Thanks for the suggestions.  I have a fix that is pretty simple (and
therefore I hope, unlikely to break anything ;-).  Later today, after I've
compiled and tested it on both Windows and Linux, I'll post it to the list.

Allen



RE: httpd attempts to open file.html/.htaccess (is this a bug?)

2007-06-12 Thread Allen Pulsifer
  When processing a GET /.../file.html, Apache httpd briefly treats 
  file.html as a directory and attempts to open 
  docroot/.../file.html/.htaccess.  The os returns ENOTDIR, 
 and then 
  processing of the request continues.

 Yes, this is a somewhat known issue.  Previously it caused 
 issues with earlier versions of reiserfs4: 
 http://issues.apache.org/bugzilla/show_bug.cgi?id=31126
 
 Rici explains more details here: 
 http://marc.info/?l=apache-httpd-devm=109470495819687w=4


Hello Paul and Dev List,

Thanks for the reply.  I checked out the links and did some code tracing
with the debugger.  As one of the links pointed out, the problem is in the
block of code attached below from ap_directory_walk() in server/request.c

This block of code is contained in the directory walk that looks for sym
links and .htaccess files.  It is executed immediately after appending the
next path segment, which is either a subdirectory or the file name.

The if test at the top of the block attempts to optimize by skipping the
statements the follow it.  The comment on the if test states:

  * If...we knew r-filename was a file, and
  * if...we have strict (case-sensitive) filenames, or
  *  we know the canonical_filename matches to _this_ name, and
  * if...we have allowed symlinks
  * skip the lstat and dummy up an APR_DIR value for thisinfo.

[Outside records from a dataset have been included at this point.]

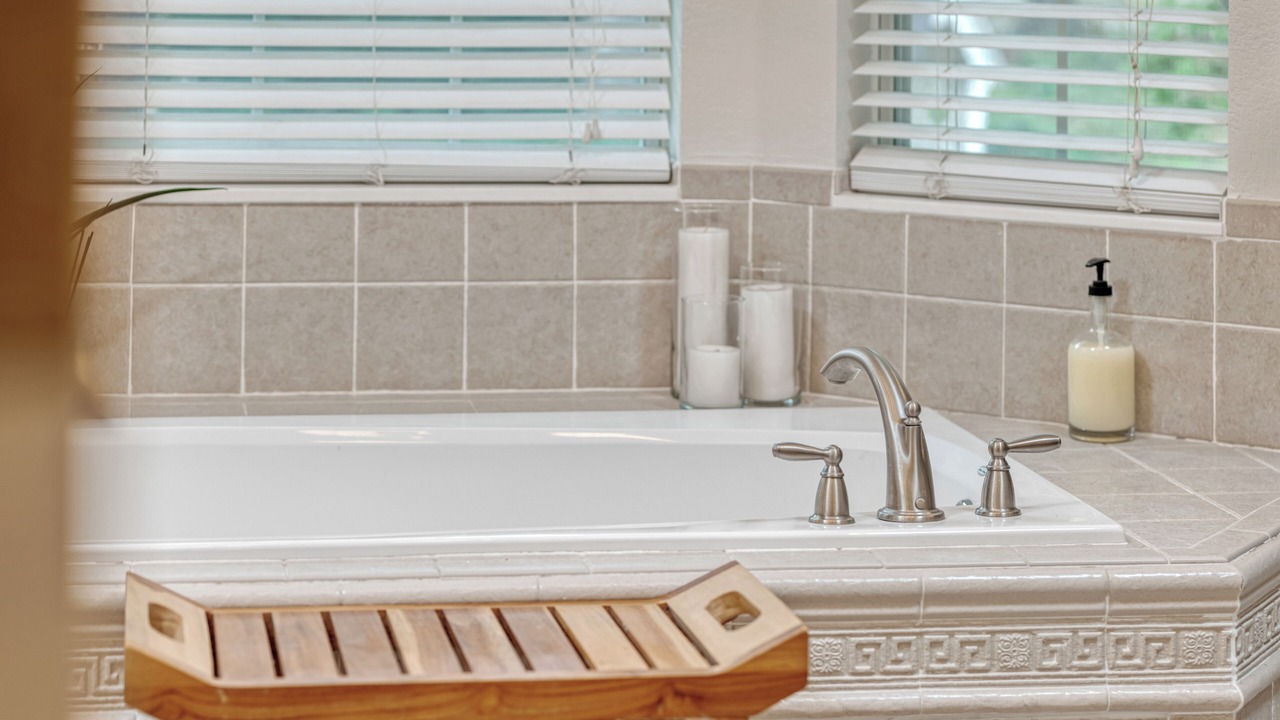 Photo of Bathroom in Killearn Estates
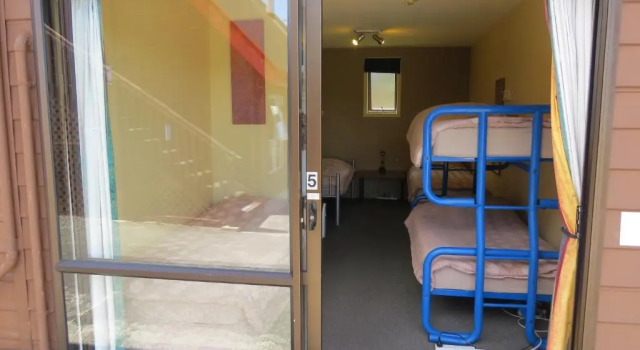Кровать в общем номере Hanmer Backpackers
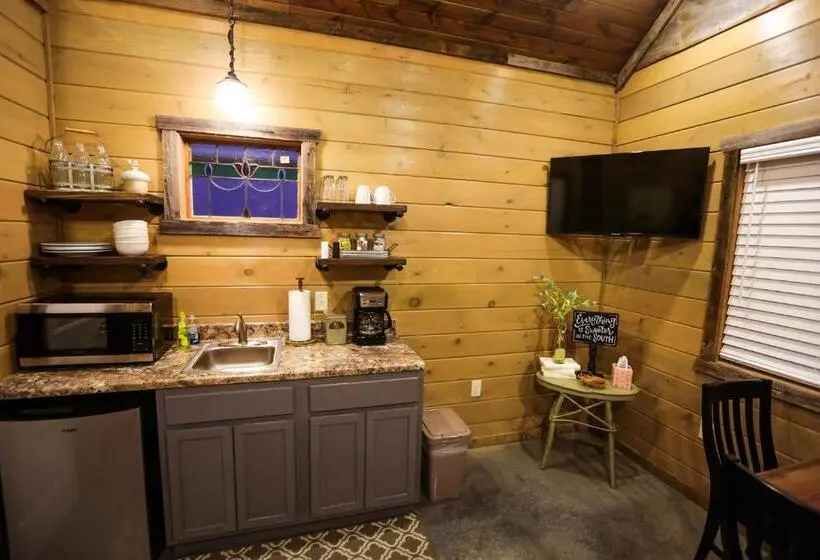 スタンダードルーム, Knotty Squirrel Cabins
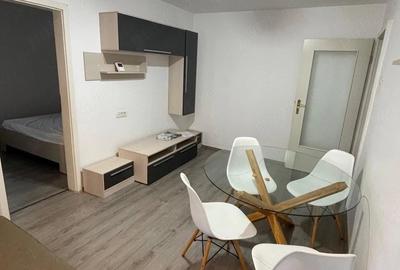 Apartament cu 2 camere semidecomandat în Ultracentral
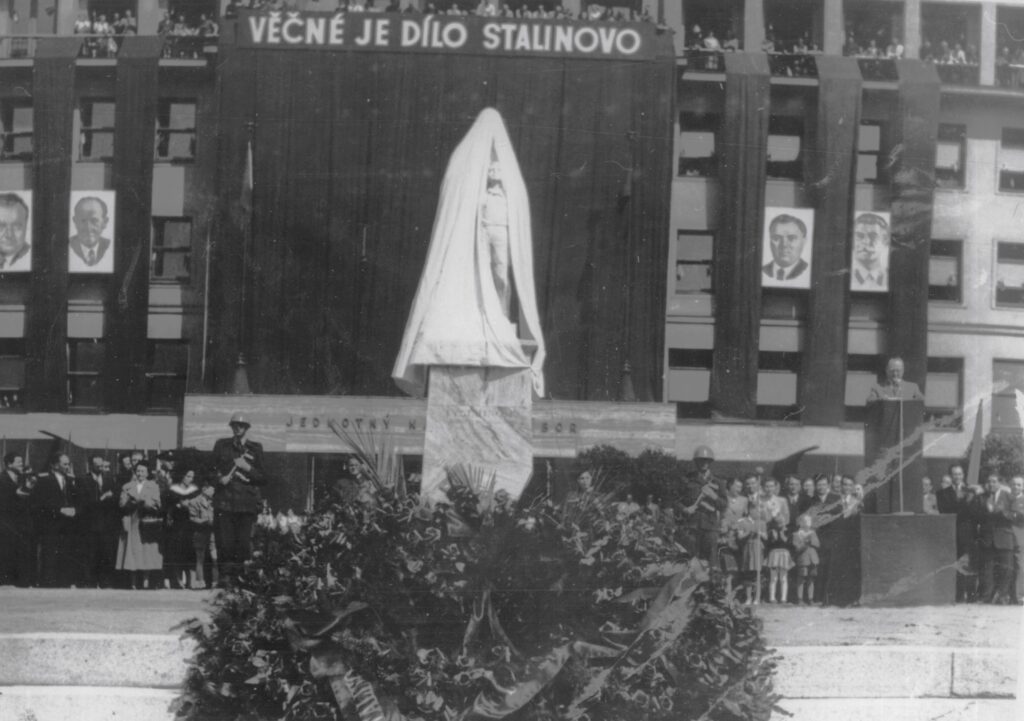 Odhalení Stalinova pomníku od Karla Kuneše (1920–1997) v Karlových Varech, květen 1954 /Muzeum Karlovy Vary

The first problem with the if test is that it doesn't recognize when the
segment is actually the file name itself, and therefore the type is APR_REG
rather than APR_DIR.  This could easily be fixed, but there may be a few
other problems.

First, it should be mentioned that the optimization can be removed and then
httpd will behave correctly: it will not do a spurious access on
file.html/.htaccess.  However, when the optimization is removed, it will
then do a stat on each component in the file path, when it might not need
to.

Let's first look at the lines of code that follows the if optimization and
look at the conditions under which they are not necessary.  Before starting
though, let's note that prior to beginning the directory walk,
ap_directory_walk() does a stat on the full file name, using the
APR_FINFO_MIN parameter.

Later, without optimization, it would then do a stat on each component in
the path, as follows:

1. Do a stat on the path component, looking at the link info
(APR_FINFO_LINK) rather than the target info.

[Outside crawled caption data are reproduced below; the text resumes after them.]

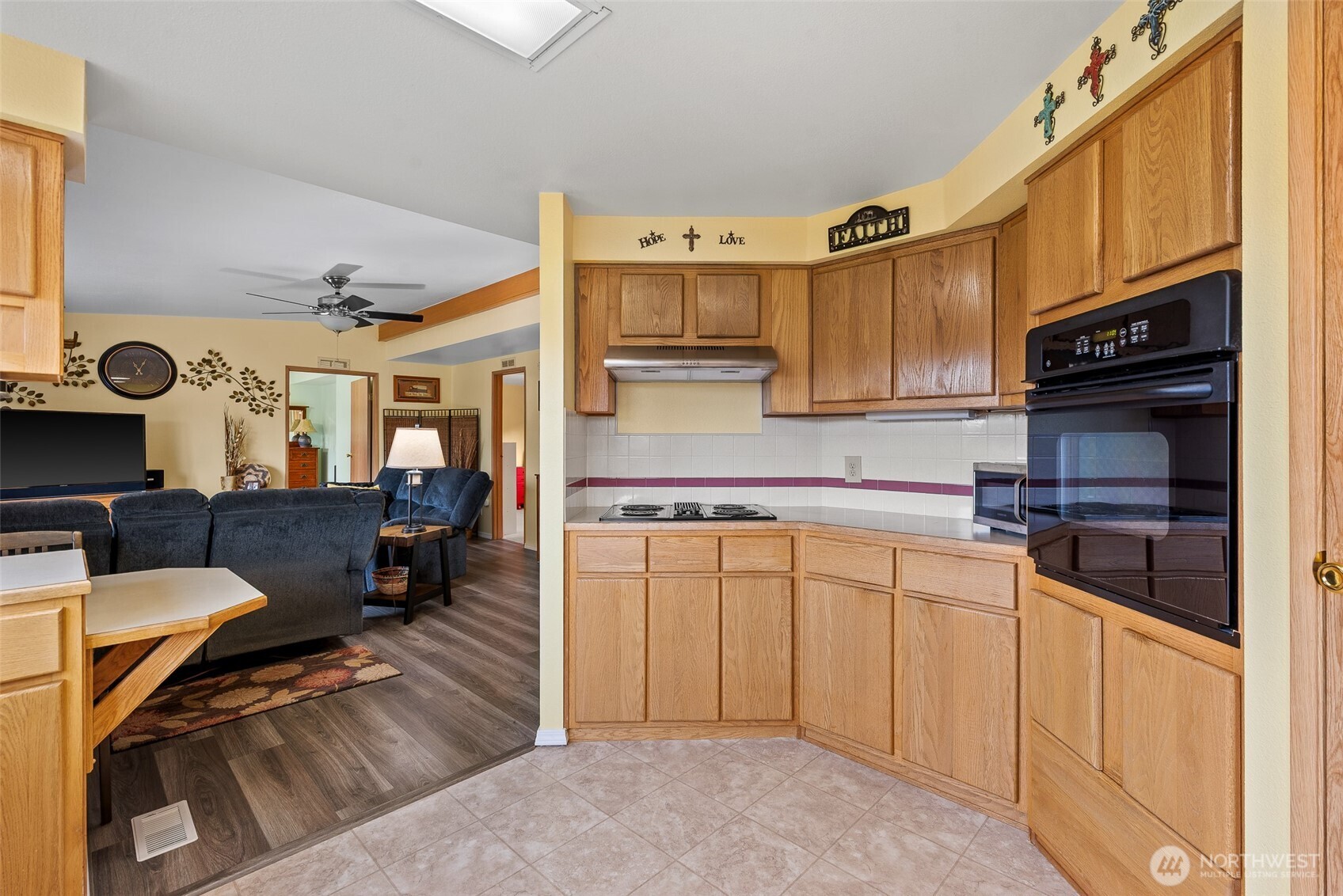 2736 NW Columbia Avenue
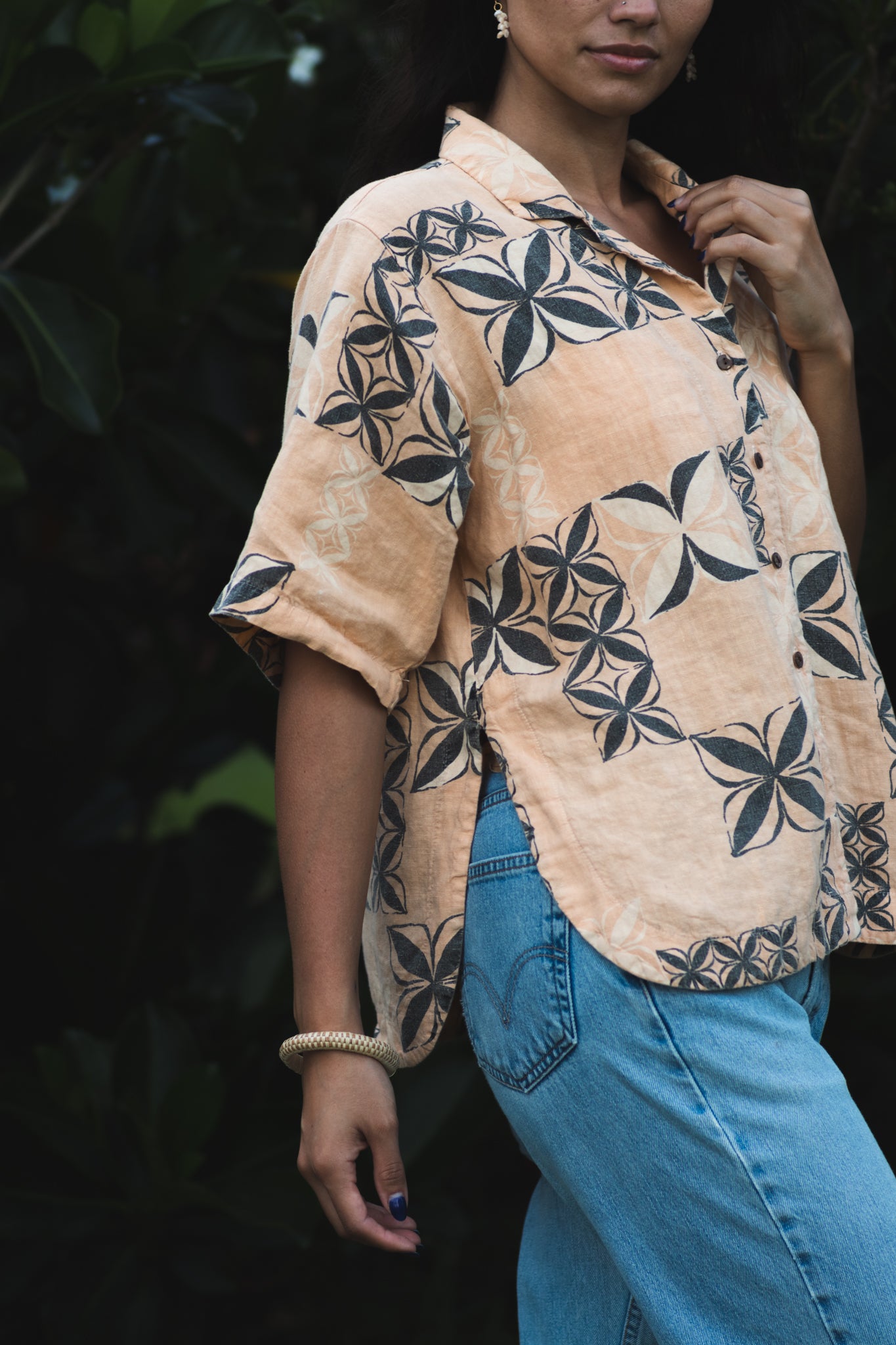 Moana Motifs | Breezy Top - peach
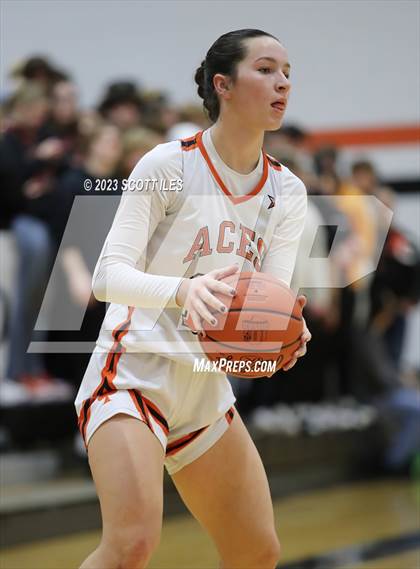 Thumbnail 2 in Johnstown-Monroe vs Amanda-Clearcreek (OHSAA D3 Sectional Final) photogallery.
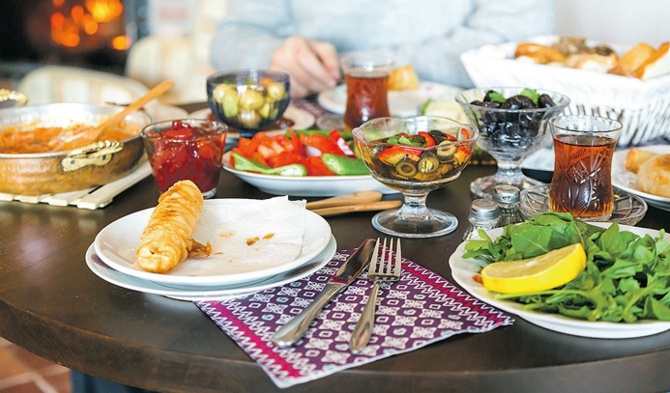 iftarla-sahur-arasinda-4-defe-yeyin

2. Test if stat returned an error.  Note that since the initial stat on the
full path did not return an error, the stat on the component will never
return as error (assuming the program logic is correct).  This can therefore
always be optimized out.

3. Fix up the path name if the actual component name info does not match.  A
mismatch is only possible with a file system that is not case sensitive, and
therefore can be optimized out if either (a) the file system is case
sensitive or (b) we already know they match; or (c) we don't care if they
match or not.

4. If the path is a link, run resolve_symlink().  This function will always
return success when OPT_SYM_LINKS (FollowSymLinks) is enabled.

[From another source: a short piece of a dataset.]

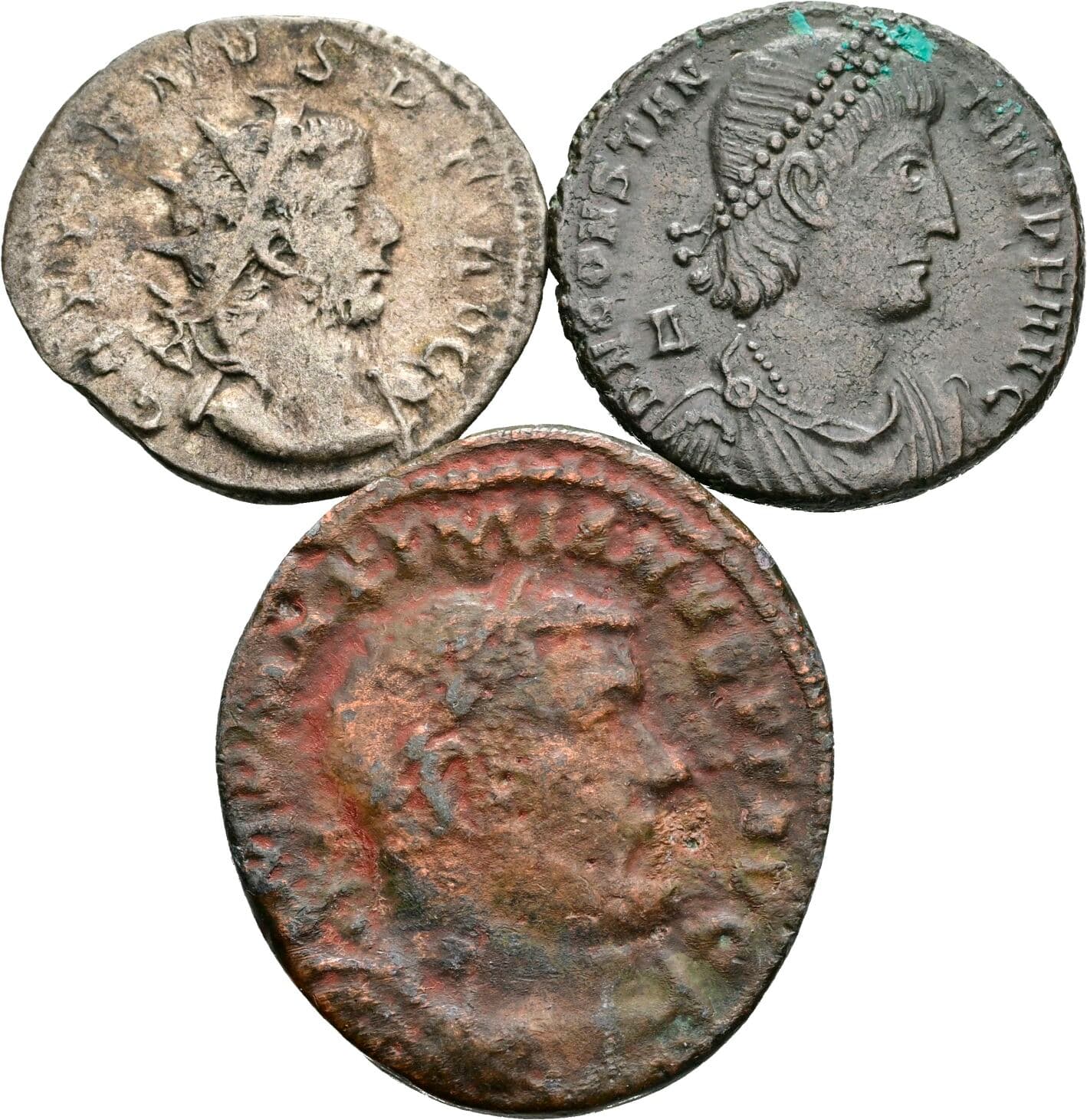 Lot mit 3 Bronzemünzen, davon 1x fake Maximianus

5. If the path points at anything other than a directory, end processing.

So basically, these processing steps can be skipped whenever (1)
FollowSymLinks is enabled AND (2) the file system is case sensitive.

It seems to me that the optimization should actually read:

If (filesystem is case sensitive AND OPT_SYM_LINKS is enabled AND we did a
successful stat on the full file path) Then:

{   If (the path to test is the fill path AND full path points at a
regular file) Then: end processing

Else: assume path to test is a dir and skip the stat
}

These are the two things I'm concerned about:

1. In the current optimization, the comment says:

  * if...we have strict (case-sensitive) filenames, or
  *  we know the canonical_filename matches to _this_ name, and

while the actual code says:

#ifdef CASE_BLIND_FILESYSTEM
 (filename_len = canonical_len)
#endif

At first examination, it looks the comment describes the correct
implementation, but how does the test for filename_len = canonical_len
ensure that canonical_filename matches to _this_ name.  Can anyone verify
this is correct?

2. When OPT_SYM_LINKS is enabled, resolve_symlink() does not test
OPT_SYM_OWNER, i.e., OPT_SYM_LINKS overrides OPT_SYM_OWNER.  The
optimization however insists that OPT_SYM_LINKS is set while OPT_SYM_OWNER
is unset.

Which of these two are correct?  Should resolve_symlink() always check
OPT_SYM_OWNER, even if OPT_SYM_LINKS is enabled, or should the optimization
only check OPT_SYM_LINKS?

Thanks,

Allen


-

THE PROBLEMATIC BLOCK OF CODE

/* First optimization;
 * If...we knew r-filename was a file, and
 * if...we have strict (case-sensitive) filenames, or
 *  we know the canonical_filename matches to _this_ name,
and
 * if...we have allowed symlinks
 * skip the lstat and dummy 

Re: httpd attempts to open file.html/.htaccess (is this a bug?)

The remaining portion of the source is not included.